◆ Task item ◆
Where a picture appears, leave it out, and transcribe all the lines below exactly.

◆ Records provided ◆

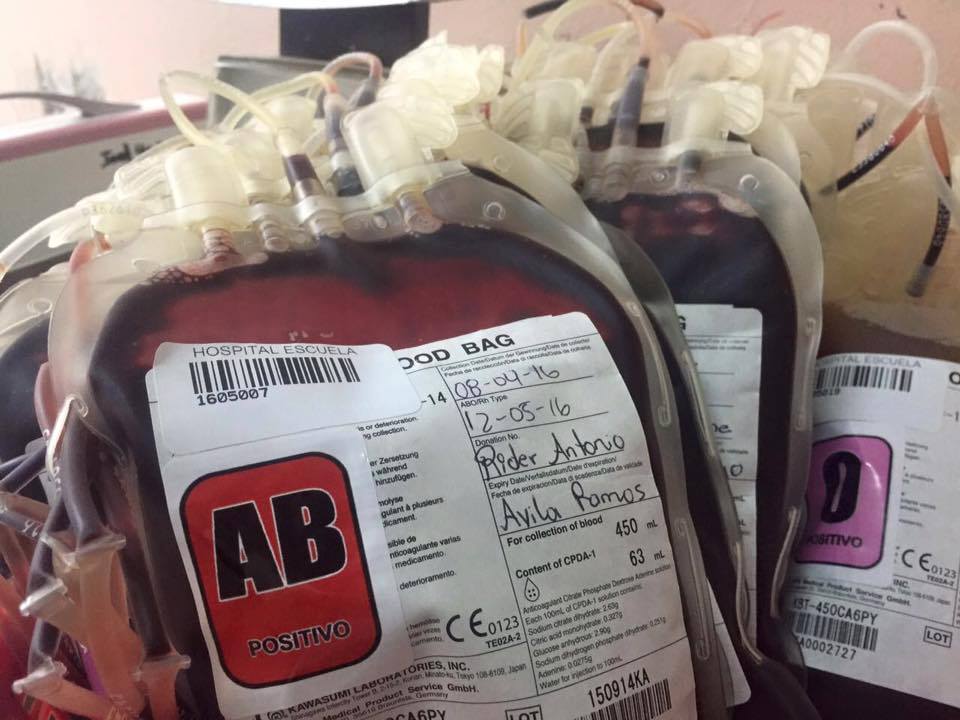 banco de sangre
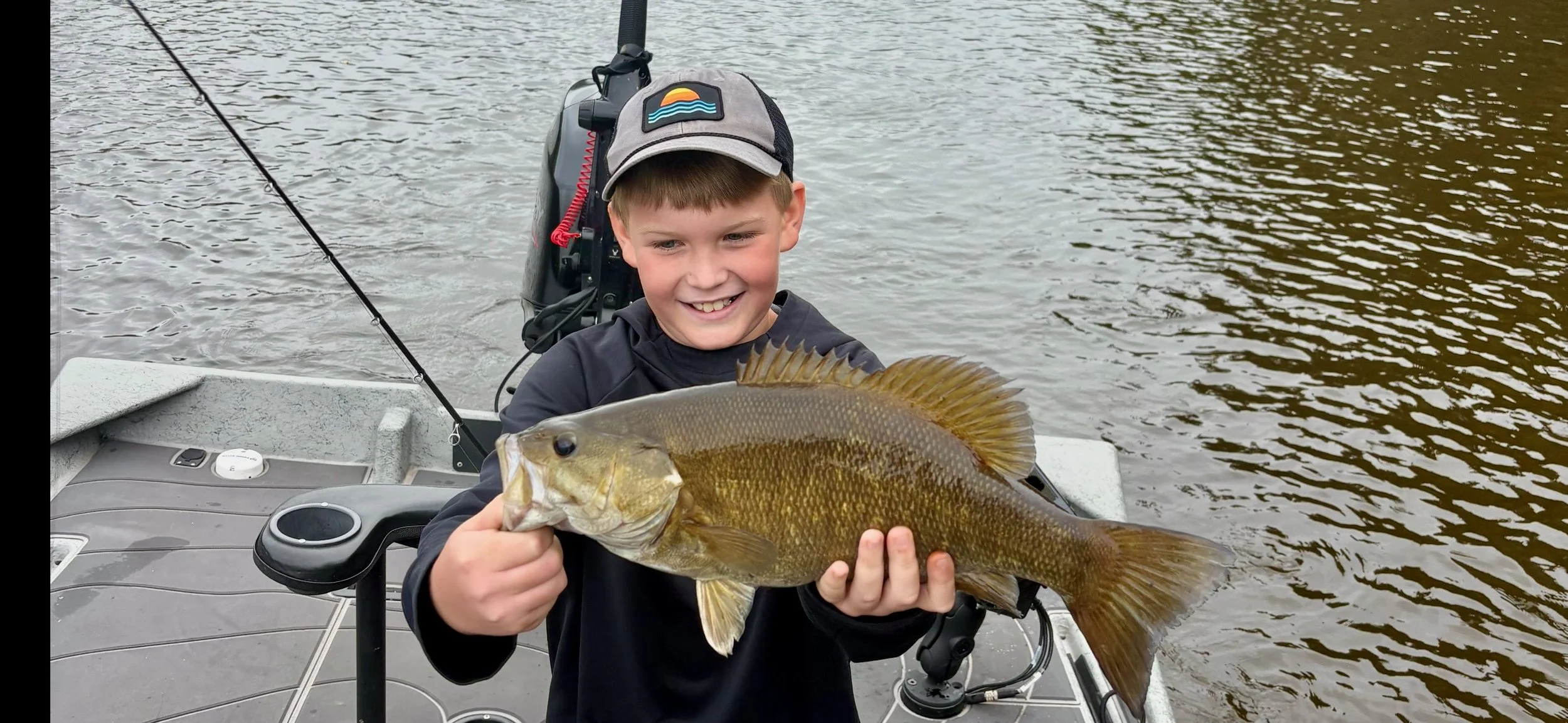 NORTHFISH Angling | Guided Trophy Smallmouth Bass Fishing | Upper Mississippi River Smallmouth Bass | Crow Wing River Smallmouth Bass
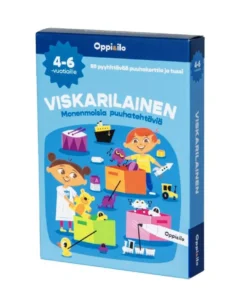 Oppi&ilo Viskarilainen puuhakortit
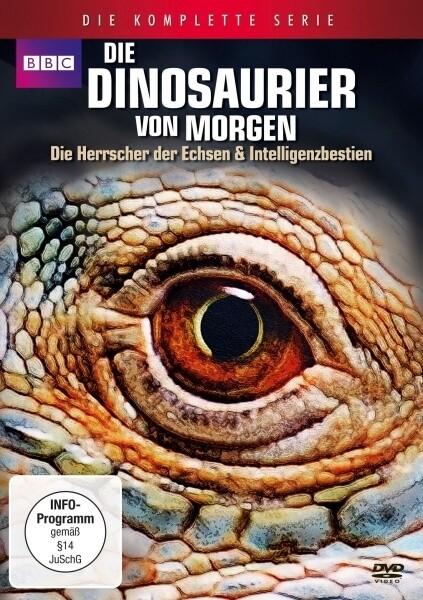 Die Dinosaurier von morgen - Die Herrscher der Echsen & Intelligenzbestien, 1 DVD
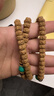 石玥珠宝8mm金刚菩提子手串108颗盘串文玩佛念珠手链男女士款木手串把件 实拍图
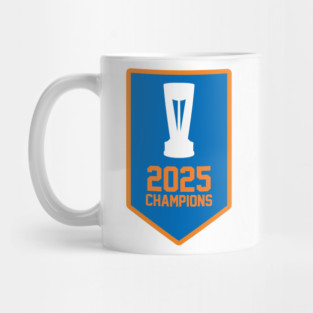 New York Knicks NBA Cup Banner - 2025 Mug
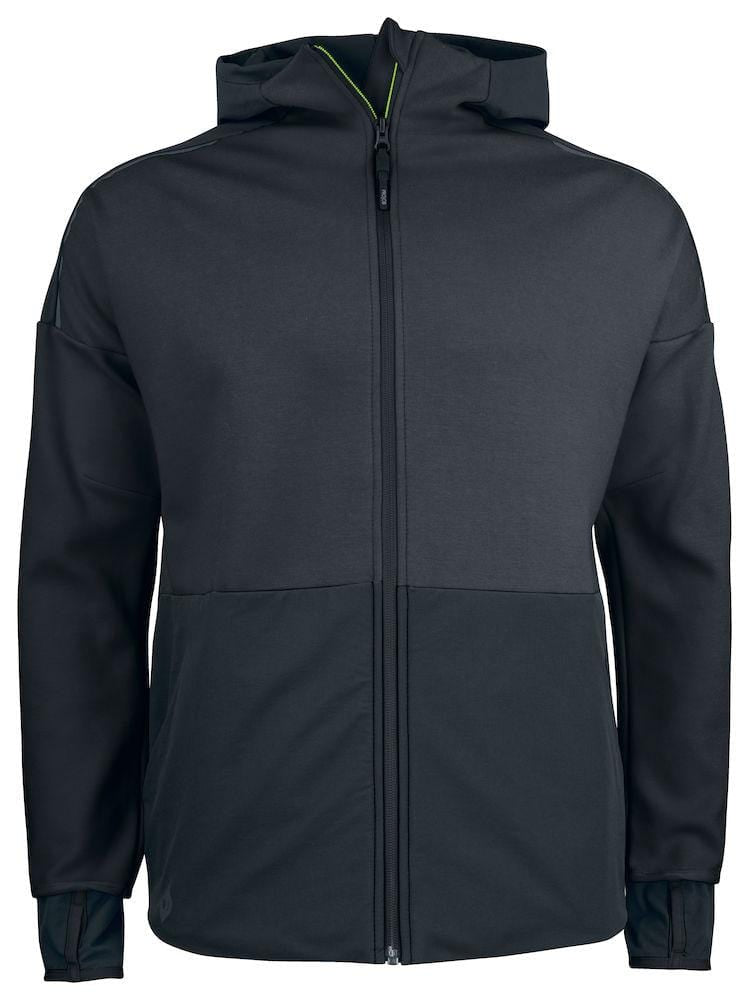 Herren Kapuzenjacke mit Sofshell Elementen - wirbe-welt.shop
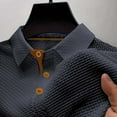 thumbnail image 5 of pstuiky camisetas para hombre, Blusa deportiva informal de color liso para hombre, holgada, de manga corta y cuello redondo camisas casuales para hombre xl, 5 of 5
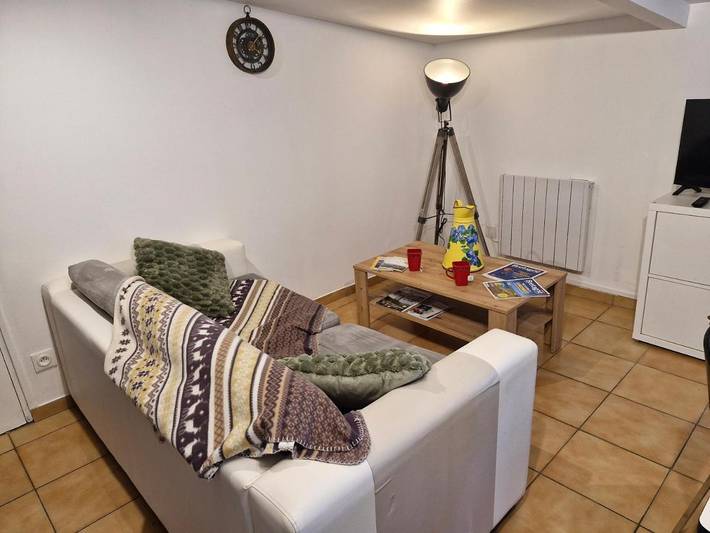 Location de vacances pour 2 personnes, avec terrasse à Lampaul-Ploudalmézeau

◆ Solution ◆
 banco de sangre
 NORTHFISH Angling | Guided Trophy Smallmouth Bass Fishing | Upper Mississippi River Smallmouth Bass | Crow Wing River Smallmouth Bass
 Oppi&ilo Viskarilainen puuhakortit
 Die Dinosaurier von morgen - Die Herrscher der Echsen & Intelligenzbestien, 1 DVD
 石玥珠宝8mm金刚菩提子手串108颗盘串文玩佛念珠手链男女士款木手串把件 实拍图
 New York Knicks NBA Cup Banner - 2025 Mug
 Herren Kapuzenjacke mit Sofshell Elementen - wirbe-welt.shop
 thumbnail image 5 of pstuiky camisetas para hombre, Blusa deportiva informal de color liso para hombre, holgada, de manga corta y cuello redondo camisas casuales para hombre xl, 5 of 5
 Location de vacances pour 2 personnes, avec terrasse à Lampaul-Ploudalmézeau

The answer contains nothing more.